Exploring Extra Sensitivity Using ionKey/MS with the Xevo G2-XS QTof HRMS for Small Molecule Pharmaceutical Analysis in Human Plasma

Importance of the Topic

The integration of microfluidic separation with high-resolution mass spectrometry addresses the ongoing demand for enhanced sensitivity and selectivity in small molecule quantitation in bioanalysis. High-resolution MS (HRMS) platforms capable of sub-femtogram detection support critical decision points in drug discovery, development, and therapeutic monitoring while reducing sample and solvent consumption.

Objectives and Study Overview

This study evaluates the sensitivity gains and operational flexibility of the ionKey/MS System coupled to a Xevo G2-XS QTof HRMS for quantifying pharmaceutical compounds in human plasma. Three experimental configurations were compared:

• Direct injection with ToF-MRM acquisition
• Single-pump trap-and-elute workflow
• Dual-pump trap-and-elute workflow with guard-column trapping and wash-out capabilities

Methodology and Instrumentation

Sample preparation involved protein precipitation of human plasma with acetonitrile (3:1), centrifugation, and 1:4 dilution with water (final ~19% ACN). Test analytes (propranolol, verapamil, buspirone, clopidogrel) were spiked and serially diluted from 100 ng/mL to sub-pg/mL levels.

• LC platform: ACQUITY UPLC M-Class with ionKey/MS System
  
• Separation device: iKey HSS T3 (150 µm×50 mm, 1.8 µm)
  
• Trap column: ACQUITY UPLC M-Class HSS T3 trap (300 µm×50 mm, 5 µm)
• MS: Xevo G2-XS QTof, ESI+ in sensitivity mode, 50–1 200 m/z scan range
• Acquisition: ToF-MRM for direct injections; full scan for trap-and-elute evaluations

Main Results and Discussion

Direct injection (1 µL, ToF-MRM) achieved sub-femtogram on-column quantitation limits: buspirone 1.5 fg, clopidogrel 0.8 fg, verapamil 3.1 fg, with linear ranges spanning >3 logarithmic decades and R² > 0.99. Signal-to-noise ratios at LOQ ranged from 9 to 78.

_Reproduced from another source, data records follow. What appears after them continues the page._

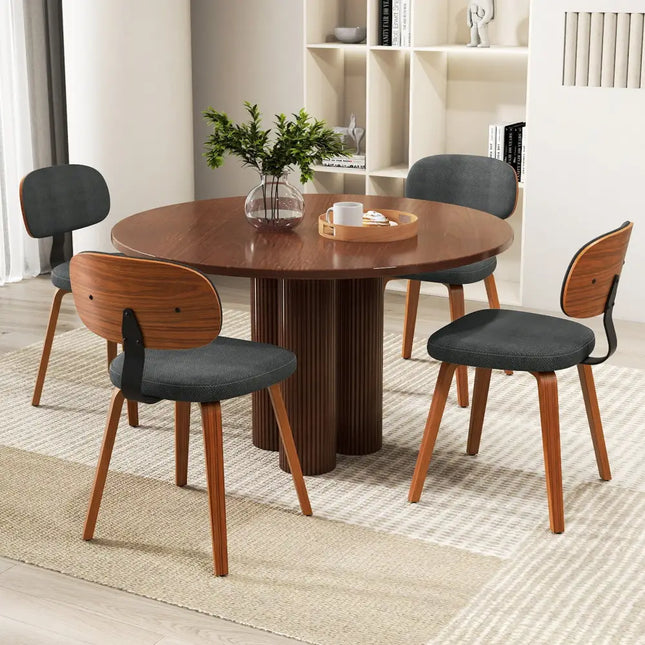 Chenille Fabric Upholstered Wooden Kitchen Chairs Set of 4-Dark Gray - Dark Gray - Dining Chairs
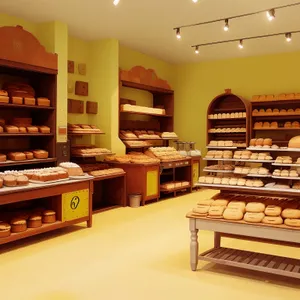 Modern Bakery Interior with Wood Furniture and Design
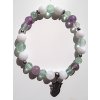 MOUDROST A UČENÍ kuličkový náramek chirurgická ocel, fluorit, jadeit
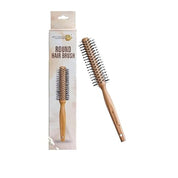 Wooden hair brush for Women & Men Boar Bristle Wooden Paddle hair brush for men women Curly hair Nylon brush for hair growth with flat paddle brush (Nylone Bristles Round, Brown)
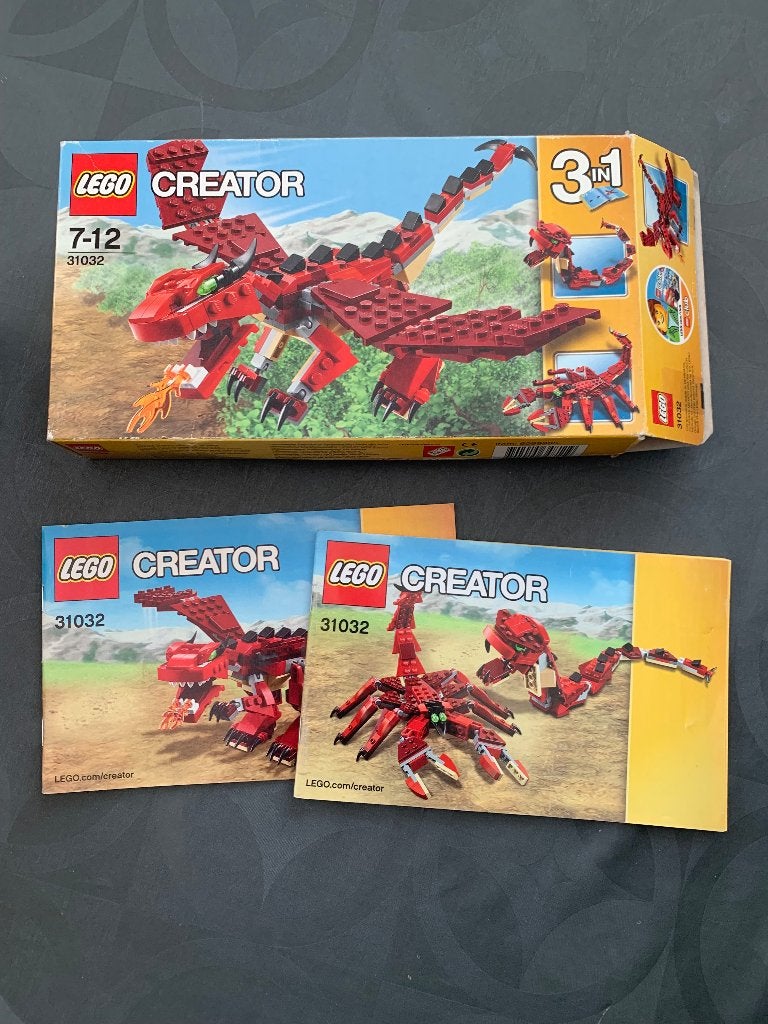 31032 LEGO Creator 3 in 1 Red Creatures, Ophalen, Inclusief instructies, Lego, Zo goed als nieuw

Single-pump trap-and-elute mitigated peak distortion observed for early-eluting compounds at larger injection volumes (5 µL). Early compounds showed fronting in direct injection but returned to Gaussian shapes after trapping, confirming effective sample focusing.

Dual-pump trap-and-elute allowed up to 20 µL plasma injections without loss of resolution or shape, equating to 23× column volume. Linear area responses (R² > 0.995) were maintained for all analytes. Trap-mobile-phase composition influenced recovery for lipophilic compounds: increasing ACN from 0.5% to 5% restored full elution of clopidogrel.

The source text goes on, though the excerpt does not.